Your task
Transcribe word for word the lines spanning the line with "Mollini Monico Mo" through the end of the records.

##########

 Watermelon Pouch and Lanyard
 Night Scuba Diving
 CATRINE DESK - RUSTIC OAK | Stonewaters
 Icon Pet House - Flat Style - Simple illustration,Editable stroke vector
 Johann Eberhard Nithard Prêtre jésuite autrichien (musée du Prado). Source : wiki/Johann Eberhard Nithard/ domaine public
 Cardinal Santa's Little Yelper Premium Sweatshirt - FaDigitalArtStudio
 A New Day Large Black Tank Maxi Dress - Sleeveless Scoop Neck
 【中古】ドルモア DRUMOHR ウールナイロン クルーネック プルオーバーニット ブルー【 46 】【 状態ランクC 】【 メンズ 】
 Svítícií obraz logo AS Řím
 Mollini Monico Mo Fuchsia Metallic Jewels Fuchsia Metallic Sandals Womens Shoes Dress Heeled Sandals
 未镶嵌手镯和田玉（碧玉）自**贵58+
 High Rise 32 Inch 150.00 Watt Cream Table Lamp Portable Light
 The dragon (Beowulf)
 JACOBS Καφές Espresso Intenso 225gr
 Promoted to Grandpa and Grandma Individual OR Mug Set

##########

Output for this task
 Mollini Monico Mo Fuchsia Metallic Jewels Fuchsia Metallic Sandals Womens Shoes Dress Heeled Sandals
 未镶嵌手镯和田玉（碧玉）自**贵58+
 High Rise 32 Inch 150.00 Watt Cream Table Lamp Portable Light
 The dragon (Beowulf)
 JACOBS Καφές Espresso Intenso 225gr
 Promoted to Grandpa and Grandma Individual OR Mug Set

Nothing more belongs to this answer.